2. Description of the Related Art
Semiconductor memory devices are broadly classified into two categories: a volatile device that loses stored data when power supply stops, and a non-volatile device that retains stored data even when power is not supplied.
A typical example of a volatile semiconductor memory device is a dynamic random access memory (DRAM). A DRAM stores data in such a manner that a transistor included in the semiconductor memory device is selected and charge is stored in a capacitor connected to the transistor.

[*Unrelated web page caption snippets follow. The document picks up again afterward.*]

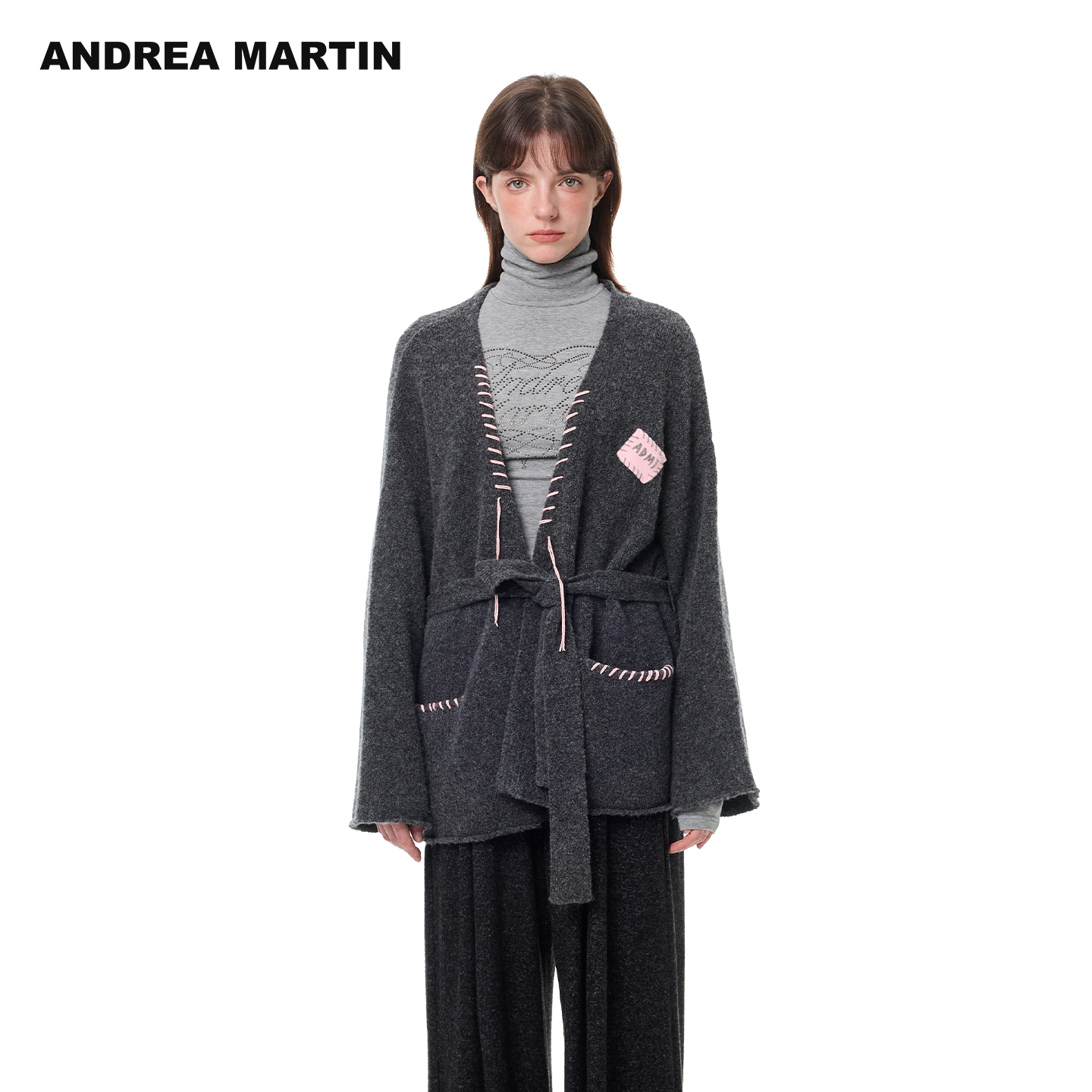 ANDREA MARTIN2025秋冬新款撞色锁边针织开衫女宽松腰带毛衣外套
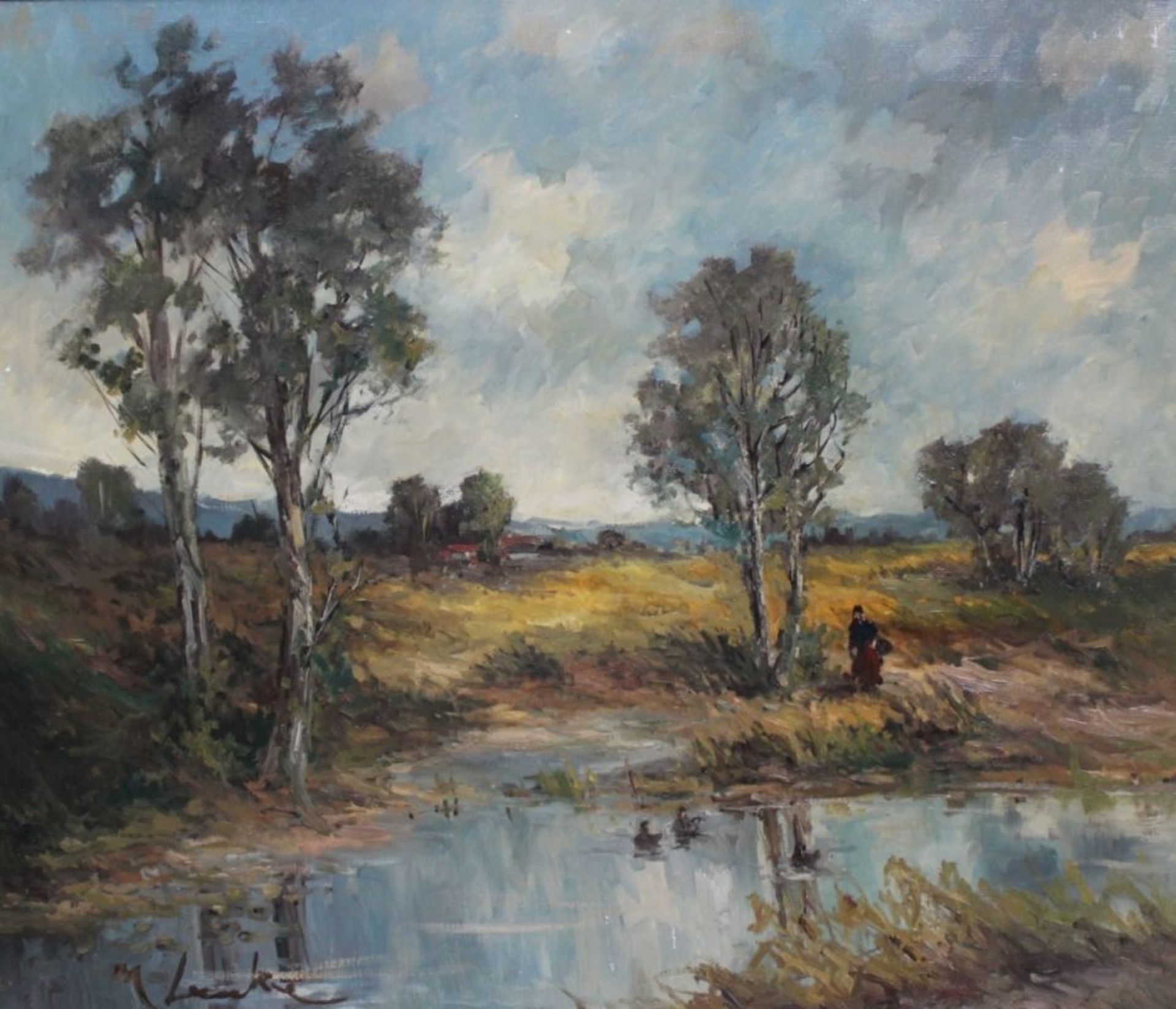 Gemälde - Marianne Lemke (1920 Schlesien) "Landschaft", l.u. signiert, Öl auf Leinwand, Maße ca.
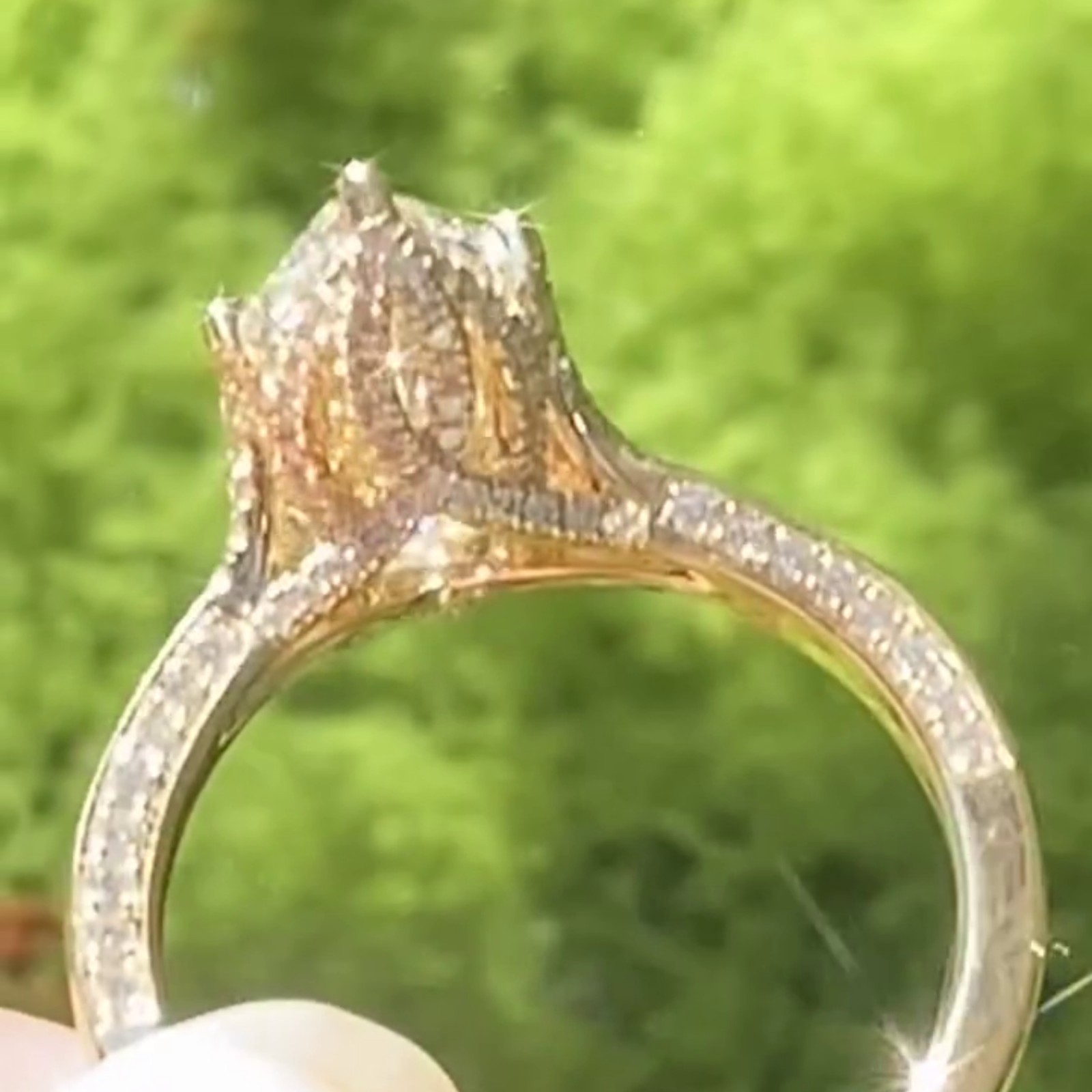 3.50CT Marquise Pave Moissanite Wedding Halo Ring 6 Prong 14K Yellow Gold Plated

In a DRAM, since charge of a capacitor is lost instantaneously after information is read out, rewriting needs to be performed every time information is read out. In addition, when a transistor included in the DRAM is off, charge is lost due to leakage current (off-state current) between a source and a drain and the like; therefore, a data retention time is short. Accordingly, a writing operation (a refresh operation) is needed in a predetermined cycle, which results in increase in power consumption. In addition, data is lost when supply of power is stopped, and thus another memory device using, for example, a magnetic material or an optical material is needed in order to retain data for a long time.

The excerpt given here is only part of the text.